I find it ironic that so far the only major life event I’ve
been stone cold sober for happens to have been the most painful. I am proud to say that I had a natural,
unmedicated birth…and it hurt like a motherf*cker. I’m not going to beat around the bush here, people. Childbirth is painful. In fact, it’s way more painful than you
can possibly imagine. I personally
think that water boarding sounds more enjoyable than being in labor for 27
hours, but that’s just my opinion.
I have to admit that I’m proud of myself for not caving in
and asking for the epidural. Based
on my history of self-medication simply to handle the pain of everyday life,
I’d pretty much assumed there was no way I was actually going to make it
through the birth of my son without drugs. Oh sure, I gave a lot of lip service to doing it naturally,
but in the back of my mind I figured I’d probably wimp out.
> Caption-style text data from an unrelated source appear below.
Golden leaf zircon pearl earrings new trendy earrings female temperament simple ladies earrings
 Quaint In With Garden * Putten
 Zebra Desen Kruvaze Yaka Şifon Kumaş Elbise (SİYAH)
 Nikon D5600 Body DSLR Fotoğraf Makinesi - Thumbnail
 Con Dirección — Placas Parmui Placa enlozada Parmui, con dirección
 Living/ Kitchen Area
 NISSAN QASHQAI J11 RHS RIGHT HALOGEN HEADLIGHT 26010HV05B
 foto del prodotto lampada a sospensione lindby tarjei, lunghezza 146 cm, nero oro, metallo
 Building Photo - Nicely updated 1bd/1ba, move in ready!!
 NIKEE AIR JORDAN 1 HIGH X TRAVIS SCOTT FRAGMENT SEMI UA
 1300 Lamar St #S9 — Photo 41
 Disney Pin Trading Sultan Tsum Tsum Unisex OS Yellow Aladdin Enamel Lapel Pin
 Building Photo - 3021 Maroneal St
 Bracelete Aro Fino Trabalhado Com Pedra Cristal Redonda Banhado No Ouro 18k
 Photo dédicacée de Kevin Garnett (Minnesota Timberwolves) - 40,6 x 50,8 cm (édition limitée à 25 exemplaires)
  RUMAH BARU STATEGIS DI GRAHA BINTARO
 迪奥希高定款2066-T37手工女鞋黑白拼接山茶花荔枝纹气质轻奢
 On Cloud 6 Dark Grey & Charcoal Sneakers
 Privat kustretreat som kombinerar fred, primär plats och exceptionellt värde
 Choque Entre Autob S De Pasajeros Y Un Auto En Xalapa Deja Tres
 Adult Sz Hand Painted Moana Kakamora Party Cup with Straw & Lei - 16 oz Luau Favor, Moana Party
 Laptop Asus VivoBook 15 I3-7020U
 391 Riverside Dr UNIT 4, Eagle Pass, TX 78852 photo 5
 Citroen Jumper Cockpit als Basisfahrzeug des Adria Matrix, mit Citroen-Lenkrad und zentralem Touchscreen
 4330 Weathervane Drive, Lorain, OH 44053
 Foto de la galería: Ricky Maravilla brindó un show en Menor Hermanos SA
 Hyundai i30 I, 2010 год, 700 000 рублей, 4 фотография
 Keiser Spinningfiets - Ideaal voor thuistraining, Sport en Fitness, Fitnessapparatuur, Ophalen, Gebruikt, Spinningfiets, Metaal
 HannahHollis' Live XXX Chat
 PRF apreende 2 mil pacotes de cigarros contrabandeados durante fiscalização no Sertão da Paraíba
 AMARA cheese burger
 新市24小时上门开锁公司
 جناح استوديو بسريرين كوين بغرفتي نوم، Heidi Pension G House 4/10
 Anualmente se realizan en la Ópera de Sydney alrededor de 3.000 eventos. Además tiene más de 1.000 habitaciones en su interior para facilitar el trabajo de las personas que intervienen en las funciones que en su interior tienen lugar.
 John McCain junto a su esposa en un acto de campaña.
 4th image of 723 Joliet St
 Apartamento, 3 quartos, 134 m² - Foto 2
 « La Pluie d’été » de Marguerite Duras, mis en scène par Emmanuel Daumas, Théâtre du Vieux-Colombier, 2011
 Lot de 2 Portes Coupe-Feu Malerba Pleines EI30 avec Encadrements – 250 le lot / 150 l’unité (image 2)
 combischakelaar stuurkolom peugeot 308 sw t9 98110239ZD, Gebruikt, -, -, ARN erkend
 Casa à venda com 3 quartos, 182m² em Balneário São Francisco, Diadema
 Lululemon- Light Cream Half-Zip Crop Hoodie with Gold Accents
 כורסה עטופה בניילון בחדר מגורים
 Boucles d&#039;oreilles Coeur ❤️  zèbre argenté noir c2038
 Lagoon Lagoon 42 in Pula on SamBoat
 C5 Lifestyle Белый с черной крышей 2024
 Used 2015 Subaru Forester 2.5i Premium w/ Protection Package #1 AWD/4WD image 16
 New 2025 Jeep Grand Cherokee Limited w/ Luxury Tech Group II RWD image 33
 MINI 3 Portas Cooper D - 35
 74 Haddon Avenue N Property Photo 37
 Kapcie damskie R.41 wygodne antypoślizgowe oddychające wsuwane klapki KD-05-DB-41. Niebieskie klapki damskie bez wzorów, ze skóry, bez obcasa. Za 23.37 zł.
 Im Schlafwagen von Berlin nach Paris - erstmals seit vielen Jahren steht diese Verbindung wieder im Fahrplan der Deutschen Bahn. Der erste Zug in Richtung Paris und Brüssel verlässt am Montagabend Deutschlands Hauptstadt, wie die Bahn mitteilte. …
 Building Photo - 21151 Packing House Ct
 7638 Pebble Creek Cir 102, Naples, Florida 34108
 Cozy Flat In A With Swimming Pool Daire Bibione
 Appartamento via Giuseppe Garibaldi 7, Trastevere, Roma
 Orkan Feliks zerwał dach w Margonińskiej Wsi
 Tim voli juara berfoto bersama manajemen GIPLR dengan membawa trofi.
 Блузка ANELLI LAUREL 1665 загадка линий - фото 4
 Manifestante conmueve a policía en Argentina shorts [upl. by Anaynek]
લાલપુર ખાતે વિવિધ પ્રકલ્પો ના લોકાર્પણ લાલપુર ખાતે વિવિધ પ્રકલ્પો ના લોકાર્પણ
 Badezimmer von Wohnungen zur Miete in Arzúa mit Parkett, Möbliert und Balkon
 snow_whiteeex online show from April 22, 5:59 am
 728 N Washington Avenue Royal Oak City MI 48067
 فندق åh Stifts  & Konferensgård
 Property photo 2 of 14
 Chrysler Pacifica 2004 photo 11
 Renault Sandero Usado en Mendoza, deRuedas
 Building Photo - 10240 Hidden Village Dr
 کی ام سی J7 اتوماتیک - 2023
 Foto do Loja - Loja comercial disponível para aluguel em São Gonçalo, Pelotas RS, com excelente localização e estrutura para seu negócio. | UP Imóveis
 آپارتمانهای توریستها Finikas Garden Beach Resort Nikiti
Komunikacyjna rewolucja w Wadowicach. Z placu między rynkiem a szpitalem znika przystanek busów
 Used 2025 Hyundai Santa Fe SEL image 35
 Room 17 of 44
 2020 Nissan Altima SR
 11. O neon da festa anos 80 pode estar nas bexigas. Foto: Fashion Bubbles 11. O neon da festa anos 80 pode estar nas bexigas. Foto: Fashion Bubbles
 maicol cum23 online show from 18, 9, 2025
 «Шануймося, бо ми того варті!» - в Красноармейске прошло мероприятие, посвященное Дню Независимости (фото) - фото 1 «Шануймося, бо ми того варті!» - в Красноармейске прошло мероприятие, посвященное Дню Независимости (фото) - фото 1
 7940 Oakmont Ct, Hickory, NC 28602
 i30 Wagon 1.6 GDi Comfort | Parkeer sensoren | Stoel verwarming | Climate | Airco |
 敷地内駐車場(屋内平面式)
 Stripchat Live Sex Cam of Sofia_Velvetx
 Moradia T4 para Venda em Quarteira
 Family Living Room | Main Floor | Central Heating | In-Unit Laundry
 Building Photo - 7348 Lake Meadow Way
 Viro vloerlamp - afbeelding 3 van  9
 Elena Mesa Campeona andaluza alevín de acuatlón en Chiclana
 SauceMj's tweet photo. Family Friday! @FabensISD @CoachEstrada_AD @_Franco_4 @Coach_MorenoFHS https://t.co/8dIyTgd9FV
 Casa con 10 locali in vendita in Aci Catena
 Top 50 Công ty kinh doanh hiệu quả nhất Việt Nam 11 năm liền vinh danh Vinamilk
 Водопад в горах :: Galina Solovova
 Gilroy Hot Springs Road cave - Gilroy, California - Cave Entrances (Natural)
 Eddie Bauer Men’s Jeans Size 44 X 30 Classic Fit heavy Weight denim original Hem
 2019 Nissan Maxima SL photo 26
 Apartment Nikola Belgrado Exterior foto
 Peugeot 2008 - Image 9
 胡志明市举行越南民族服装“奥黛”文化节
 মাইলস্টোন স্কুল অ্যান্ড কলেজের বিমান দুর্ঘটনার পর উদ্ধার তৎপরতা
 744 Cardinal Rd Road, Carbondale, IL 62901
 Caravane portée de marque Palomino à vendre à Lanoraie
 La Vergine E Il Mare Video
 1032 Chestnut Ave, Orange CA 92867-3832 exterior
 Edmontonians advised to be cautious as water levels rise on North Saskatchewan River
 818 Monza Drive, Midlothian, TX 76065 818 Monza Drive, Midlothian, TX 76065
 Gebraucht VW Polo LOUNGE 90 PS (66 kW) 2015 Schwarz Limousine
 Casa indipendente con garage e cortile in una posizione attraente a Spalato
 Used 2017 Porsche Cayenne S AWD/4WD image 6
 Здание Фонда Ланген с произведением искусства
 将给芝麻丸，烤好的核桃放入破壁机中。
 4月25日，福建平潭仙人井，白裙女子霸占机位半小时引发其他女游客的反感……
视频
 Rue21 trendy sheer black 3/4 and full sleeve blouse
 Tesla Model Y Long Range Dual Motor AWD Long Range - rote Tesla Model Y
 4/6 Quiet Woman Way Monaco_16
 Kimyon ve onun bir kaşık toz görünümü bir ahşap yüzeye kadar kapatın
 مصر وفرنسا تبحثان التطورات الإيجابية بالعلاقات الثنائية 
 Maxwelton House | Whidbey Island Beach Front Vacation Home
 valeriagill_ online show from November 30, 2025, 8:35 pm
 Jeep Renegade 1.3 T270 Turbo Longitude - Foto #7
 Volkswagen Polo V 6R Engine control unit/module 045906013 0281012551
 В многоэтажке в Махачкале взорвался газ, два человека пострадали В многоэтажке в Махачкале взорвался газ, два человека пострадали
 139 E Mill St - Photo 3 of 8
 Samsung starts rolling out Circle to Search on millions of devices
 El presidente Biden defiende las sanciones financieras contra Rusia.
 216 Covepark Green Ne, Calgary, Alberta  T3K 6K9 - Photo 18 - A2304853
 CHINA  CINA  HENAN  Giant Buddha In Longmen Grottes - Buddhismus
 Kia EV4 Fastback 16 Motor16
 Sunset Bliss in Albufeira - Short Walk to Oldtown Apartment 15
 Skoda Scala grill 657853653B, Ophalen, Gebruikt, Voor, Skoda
Considering I’ve never been one to turn
down any sort of drug when it was offered, I’m pretty shocked that I didn’t
grab the needle out of the doctor’s hand and give myself an
epidural.
I don’t want to bore all of you with the gory details, so
I’ll just give you a quick synopsis.
I was in labor for 15 hours; when I got to the hospital I was 6.5cm
dilated; I pushed for 45 minutes, and I have quite a few stitches in my lady
parts to show for it. So, yes,
overall, I had a quick and easy labor, though using the term “easy” in the
context of pushing a human being out of one’s vagina doesn’t really seem
appropriate. Yes, I screamed. In fact, I screamed pretty loudly. I also yelled at my husband and at the
doctor for not paying attention to me, so I am officially a childbirth
cliché. I did not, however, cry
when I finally got to see my newborn son.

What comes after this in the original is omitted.